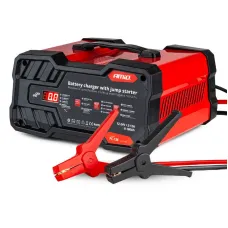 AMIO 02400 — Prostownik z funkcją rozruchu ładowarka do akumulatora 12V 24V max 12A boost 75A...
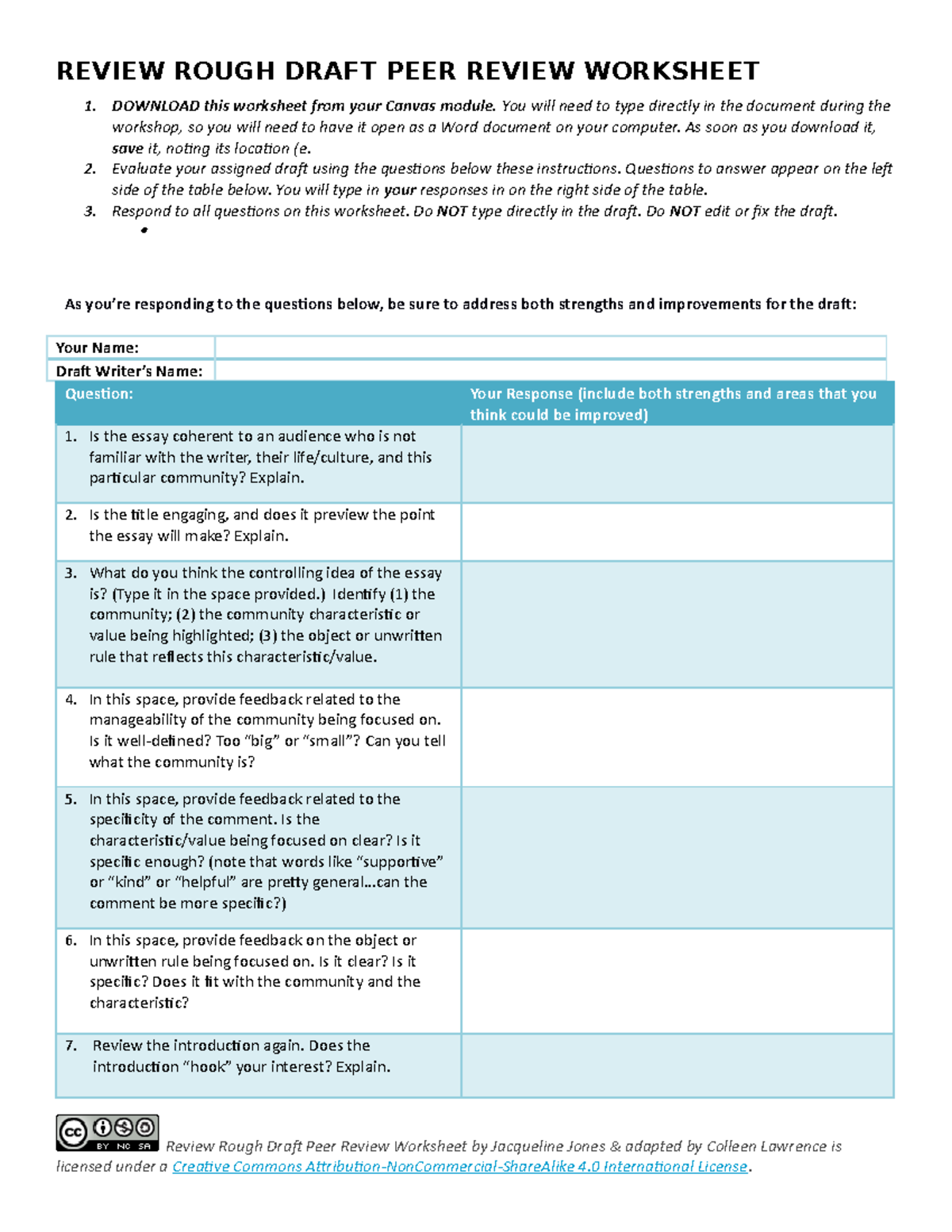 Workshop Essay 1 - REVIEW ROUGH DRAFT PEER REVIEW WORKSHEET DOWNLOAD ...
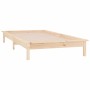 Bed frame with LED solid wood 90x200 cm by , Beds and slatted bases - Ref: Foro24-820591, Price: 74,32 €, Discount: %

--

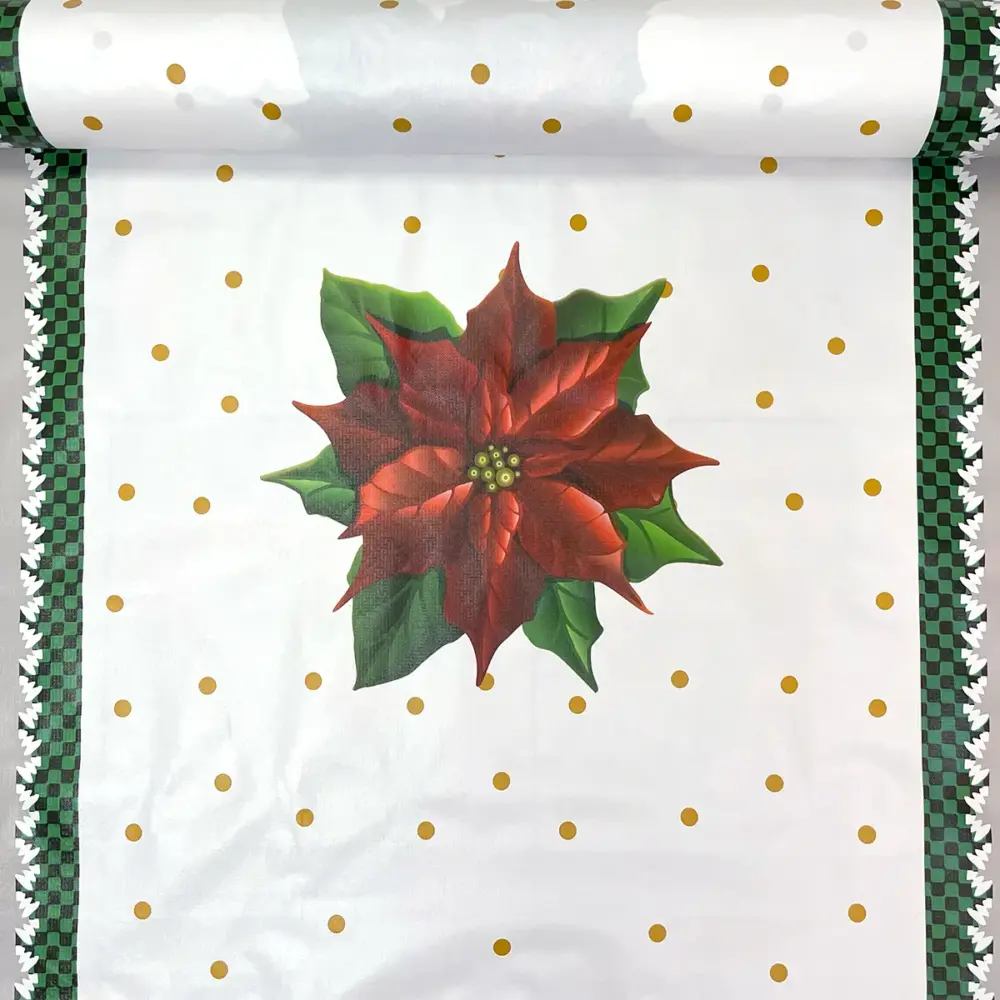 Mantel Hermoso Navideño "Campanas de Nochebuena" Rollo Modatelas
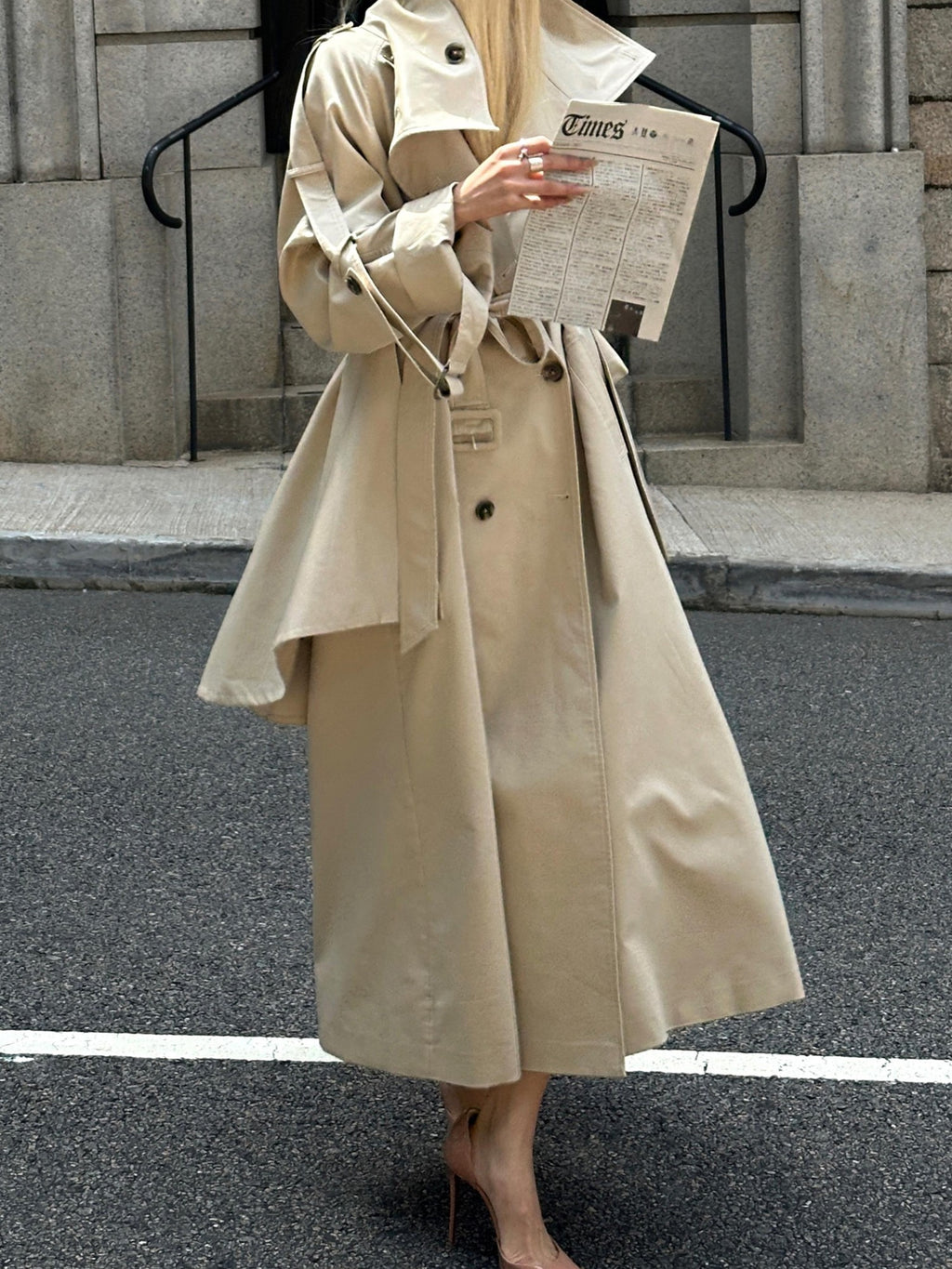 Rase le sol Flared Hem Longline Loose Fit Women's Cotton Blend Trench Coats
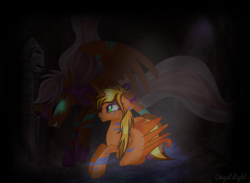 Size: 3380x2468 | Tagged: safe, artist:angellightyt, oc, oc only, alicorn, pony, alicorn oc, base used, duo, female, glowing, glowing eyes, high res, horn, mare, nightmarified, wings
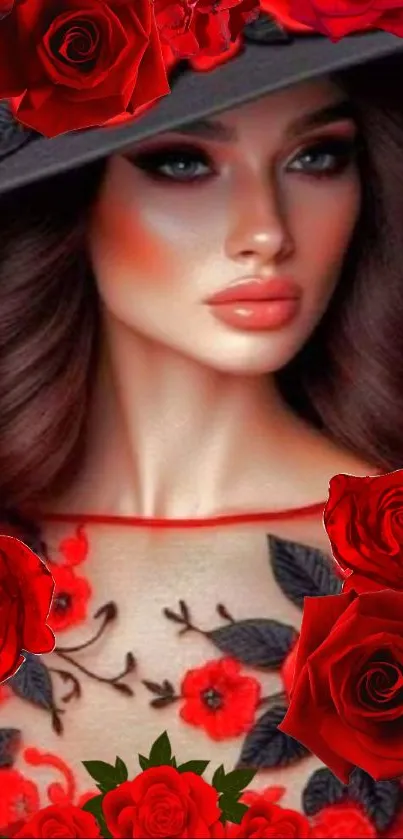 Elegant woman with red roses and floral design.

* * *

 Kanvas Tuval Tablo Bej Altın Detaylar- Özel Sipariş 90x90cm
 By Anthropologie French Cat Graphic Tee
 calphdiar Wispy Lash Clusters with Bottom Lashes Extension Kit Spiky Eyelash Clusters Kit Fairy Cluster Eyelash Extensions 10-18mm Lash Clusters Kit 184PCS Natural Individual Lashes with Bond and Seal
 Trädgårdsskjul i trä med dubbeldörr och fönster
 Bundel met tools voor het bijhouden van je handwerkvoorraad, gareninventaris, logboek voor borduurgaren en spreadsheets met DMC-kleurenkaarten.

■ **What you need to do**
Write out exactly the lines above between the one with "Mantel Hermoso Navideño" and the one with "Elegant woman with", inclusive, with pictures left out.

■ **Expected answer**
 Mantel Hermoso Navideño "Campanas de Nochebuena" Rollo Modatelas
 Rase le sol Flared Hem Longline Loose Fit Women's Cotton Blend Trench Coats
 Size: 3380x2468 | Tagged: safe, artist:angellightyt, oc, oc only, alicorn, pony, alicorn oc, base used, duo, female, glowing, glowing eyes, high res, horn, mare, nightmarified, wings
 Elegant woman with red roses and floral design.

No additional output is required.